I know that I have traveled far and wide for my volunteer work.  China, Scandanavia, Britian and last month, Canada.  When people ask about the Rotary travel and schedule, they don't ever ask about the most important piece....

The participants.

At the International RYLA, we had 150 people come from around the world to be together for five days.  They come because they believe they will meet great folks and learn great things.   They are right.  They do and did.  One woman saved for two years to come and volunteer to serve for free as a counselor.  She paid to be there.  Most of us do.  I do.  Actually, Mr. Fun pays since he is the one with the paying gig in our family.  Over 30 countries were represented there this year.  I helped direct this experience for them.  And it is an honor.

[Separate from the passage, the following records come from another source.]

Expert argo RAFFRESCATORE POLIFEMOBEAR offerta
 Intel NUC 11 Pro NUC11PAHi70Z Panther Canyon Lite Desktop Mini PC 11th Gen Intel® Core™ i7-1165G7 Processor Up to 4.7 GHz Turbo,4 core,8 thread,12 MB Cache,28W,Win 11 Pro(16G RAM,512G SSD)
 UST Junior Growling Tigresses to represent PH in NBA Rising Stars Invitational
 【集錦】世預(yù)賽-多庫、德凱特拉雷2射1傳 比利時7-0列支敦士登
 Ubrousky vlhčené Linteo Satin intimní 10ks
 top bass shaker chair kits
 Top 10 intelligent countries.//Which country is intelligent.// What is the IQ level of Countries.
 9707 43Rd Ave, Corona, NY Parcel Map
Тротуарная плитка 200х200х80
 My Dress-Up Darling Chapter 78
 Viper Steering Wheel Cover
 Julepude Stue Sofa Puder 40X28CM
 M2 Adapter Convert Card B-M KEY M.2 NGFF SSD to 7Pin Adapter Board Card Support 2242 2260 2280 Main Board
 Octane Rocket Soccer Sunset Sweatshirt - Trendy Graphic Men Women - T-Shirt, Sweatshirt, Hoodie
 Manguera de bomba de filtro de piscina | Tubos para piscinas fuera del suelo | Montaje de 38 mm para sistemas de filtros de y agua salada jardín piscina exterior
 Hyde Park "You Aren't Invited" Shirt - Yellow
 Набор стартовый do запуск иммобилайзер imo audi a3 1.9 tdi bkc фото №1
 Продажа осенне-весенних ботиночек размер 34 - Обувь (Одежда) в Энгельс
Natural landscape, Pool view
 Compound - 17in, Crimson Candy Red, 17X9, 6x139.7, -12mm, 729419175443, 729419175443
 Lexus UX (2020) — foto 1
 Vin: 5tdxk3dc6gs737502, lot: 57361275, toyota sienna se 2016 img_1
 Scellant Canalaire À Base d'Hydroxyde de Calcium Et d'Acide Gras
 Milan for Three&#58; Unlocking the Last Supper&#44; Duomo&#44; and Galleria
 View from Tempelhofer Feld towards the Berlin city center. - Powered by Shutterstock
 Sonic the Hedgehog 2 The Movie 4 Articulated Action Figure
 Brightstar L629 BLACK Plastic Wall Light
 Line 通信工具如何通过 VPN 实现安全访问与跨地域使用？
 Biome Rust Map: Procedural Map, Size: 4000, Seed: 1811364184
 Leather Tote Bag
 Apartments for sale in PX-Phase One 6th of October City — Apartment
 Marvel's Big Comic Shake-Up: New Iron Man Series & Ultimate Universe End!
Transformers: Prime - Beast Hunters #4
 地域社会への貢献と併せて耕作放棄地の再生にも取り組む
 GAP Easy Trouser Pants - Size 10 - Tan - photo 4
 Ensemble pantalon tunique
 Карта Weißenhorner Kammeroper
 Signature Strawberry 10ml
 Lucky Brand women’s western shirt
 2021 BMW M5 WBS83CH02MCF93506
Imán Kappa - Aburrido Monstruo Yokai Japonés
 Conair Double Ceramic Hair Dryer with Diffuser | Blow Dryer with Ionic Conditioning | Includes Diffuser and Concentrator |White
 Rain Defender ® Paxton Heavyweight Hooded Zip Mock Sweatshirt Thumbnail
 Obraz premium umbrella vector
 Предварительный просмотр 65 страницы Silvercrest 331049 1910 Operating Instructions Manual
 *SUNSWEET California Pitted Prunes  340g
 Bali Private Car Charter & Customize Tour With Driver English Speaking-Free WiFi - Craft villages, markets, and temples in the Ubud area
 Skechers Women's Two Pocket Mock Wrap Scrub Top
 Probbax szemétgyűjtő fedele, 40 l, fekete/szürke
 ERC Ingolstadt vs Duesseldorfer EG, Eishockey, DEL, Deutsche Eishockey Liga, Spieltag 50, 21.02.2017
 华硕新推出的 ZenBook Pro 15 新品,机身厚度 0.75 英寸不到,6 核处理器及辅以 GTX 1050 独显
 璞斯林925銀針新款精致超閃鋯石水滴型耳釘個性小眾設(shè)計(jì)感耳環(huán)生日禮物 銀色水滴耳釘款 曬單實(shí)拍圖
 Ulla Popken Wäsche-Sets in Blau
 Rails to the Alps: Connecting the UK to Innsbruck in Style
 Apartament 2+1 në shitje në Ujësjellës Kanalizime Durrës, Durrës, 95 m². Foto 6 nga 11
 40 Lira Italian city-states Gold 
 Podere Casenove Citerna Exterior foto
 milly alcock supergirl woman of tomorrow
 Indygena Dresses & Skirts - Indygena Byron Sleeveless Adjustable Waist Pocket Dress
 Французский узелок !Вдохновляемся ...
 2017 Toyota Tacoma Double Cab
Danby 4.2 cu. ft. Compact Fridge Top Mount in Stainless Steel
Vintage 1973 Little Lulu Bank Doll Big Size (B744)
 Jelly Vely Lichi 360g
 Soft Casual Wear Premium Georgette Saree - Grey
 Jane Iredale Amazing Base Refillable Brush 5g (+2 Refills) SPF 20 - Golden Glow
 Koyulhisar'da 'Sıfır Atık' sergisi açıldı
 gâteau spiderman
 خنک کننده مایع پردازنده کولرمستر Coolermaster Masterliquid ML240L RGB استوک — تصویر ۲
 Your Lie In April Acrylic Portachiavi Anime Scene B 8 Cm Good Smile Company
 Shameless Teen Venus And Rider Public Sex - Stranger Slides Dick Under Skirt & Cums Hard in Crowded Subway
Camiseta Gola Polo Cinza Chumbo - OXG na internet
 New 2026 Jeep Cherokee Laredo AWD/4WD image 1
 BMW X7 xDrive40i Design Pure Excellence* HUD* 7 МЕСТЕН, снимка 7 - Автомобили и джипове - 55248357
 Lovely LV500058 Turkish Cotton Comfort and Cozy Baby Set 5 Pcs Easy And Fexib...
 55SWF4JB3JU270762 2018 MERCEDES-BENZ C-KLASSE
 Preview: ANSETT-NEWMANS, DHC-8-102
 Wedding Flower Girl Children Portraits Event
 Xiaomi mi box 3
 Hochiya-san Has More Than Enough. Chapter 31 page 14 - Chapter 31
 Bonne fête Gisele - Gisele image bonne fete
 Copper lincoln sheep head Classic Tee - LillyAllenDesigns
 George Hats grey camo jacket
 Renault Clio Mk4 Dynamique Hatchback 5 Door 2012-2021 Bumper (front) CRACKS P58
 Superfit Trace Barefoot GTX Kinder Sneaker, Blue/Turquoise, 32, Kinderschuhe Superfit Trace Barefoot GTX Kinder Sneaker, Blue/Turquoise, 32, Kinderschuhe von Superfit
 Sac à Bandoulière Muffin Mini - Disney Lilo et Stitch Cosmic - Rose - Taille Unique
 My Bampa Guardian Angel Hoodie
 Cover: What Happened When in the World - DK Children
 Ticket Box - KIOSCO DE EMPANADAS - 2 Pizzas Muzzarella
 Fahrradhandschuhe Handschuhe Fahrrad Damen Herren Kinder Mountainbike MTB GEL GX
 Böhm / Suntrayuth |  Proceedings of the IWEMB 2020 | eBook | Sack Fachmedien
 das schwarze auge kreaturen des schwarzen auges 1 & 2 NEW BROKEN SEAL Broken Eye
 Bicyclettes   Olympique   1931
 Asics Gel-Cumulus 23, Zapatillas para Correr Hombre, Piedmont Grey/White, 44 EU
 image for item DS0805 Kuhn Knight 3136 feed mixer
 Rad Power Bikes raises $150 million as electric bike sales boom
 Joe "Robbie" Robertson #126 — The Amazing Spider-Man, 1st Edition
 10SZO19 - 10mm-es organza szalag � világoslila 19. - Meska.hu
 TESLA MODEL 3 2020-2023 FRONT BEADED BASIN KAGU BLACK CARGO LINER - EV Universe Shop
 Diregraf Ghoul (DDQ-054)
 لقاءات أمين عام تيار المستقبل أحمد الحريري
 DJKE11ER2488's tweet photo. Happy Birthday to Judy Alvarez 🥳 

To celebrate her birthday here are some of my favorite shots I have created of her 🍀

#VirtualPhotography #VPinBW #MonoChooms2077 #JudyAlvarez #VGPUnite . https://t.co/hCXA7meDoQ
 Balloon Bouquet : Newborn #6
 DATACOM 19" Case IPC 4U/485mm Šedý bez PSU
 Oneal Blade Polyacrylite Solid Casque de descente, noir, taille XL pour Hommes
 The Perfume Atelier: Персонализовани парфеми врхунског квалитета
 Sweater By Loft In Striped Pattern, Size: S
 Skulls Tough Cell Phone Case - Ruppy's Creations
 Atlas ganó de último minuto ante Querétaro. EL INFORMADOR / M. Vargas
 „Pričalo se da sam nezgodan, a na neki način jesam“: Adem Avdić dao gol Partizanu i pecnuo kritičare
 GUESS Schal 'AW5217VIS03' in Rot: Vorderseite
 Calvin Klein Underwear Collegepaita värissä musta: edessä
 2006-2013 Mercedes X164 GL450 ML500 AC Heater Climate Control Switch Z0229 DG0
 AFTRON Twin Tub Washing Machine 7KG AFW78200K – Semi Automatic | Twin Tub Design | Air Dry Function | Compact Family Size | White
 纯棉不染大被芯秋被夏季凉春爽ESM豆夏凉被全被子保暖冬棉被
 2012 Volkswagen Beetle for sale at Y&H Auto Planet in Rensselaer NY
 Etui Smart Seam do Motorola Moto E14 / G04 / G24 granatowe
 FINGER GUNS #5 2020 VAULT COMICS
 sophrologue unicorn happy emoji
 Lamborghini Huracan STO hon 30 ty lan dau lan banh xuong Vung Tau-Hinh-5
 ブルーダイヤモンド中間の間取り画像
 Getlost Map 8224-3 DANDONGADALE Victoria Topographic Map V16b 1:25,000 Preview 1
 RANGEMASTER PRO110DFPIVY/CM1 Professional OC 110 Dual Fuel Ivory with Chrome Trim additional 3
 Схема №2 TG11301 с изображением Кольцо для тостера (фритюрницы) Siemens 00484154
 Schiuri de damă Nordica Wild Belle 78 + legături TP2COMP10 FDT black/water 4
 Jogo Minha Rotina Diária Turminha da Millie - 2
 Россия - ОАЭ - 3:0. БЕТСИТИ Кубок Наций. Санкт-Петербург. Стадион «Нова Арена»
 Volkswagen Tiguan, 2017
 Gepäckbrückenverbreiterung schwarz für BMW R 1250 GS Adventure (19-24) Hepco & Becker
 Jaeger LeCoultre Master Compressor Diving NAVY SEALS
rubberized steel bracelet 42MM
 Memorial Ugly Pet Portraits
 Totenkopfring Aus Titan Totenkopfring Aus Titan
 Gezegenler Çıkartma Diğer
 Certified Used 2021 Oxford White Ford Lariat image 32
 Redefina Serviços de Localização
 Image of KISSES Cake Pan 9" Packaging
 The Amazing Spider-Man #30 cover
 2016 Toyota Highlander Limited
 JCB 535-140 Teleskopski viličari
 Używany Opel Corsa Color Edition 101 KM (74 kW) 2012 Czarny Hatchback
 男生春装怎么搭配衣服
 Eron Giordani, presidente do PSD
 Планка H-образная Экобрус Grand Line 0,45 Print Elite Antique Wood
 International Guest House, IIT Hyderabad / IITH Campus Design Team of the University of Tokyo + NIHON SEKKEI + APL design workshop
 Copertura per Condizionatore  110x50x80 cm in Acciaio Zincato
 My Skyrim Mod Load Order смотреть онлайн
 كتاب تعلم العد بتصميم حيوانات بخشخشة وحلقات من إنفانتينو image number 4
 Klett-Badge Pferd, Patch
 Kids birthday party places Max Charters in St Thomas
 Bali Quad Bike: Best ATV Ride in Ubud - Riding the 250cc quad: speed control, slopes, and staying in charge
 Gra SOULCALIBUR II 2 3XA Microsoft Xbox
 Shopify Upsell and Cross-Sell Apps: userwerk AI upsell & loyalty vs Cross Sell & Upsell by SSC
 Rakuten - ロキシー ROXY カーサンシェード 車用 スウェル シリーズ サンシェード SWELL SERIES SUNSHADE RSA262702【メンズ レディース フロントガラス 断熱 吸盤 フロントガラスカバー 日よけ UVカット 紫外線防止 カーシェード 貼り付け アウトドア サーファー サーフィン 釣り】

Five days after I got home from Canada, I took off to the excotic land of Fulton Missouri, home of parts of the Berlin Wall.  :)

This is what Hope looks like here in the great state of Missouri.

This was my 12th RYLA event.  My 19th residential camp (for lack of a better word) since I was 17.  I would say I have leadership camp in my blood.

Apparently, I am not the only one.

We have a Rotarian counselor here in Missouri who serves each year.  He serves for free...no strings attached.  He takes time off from work to do it.  While there are others who do and serve as equally valiantly, there is something that Nelson said that I will always remember.  He was able to verbalize the why I go and do all this free effort.

"I come to RYLA because when I see these young people, I come home with hope." 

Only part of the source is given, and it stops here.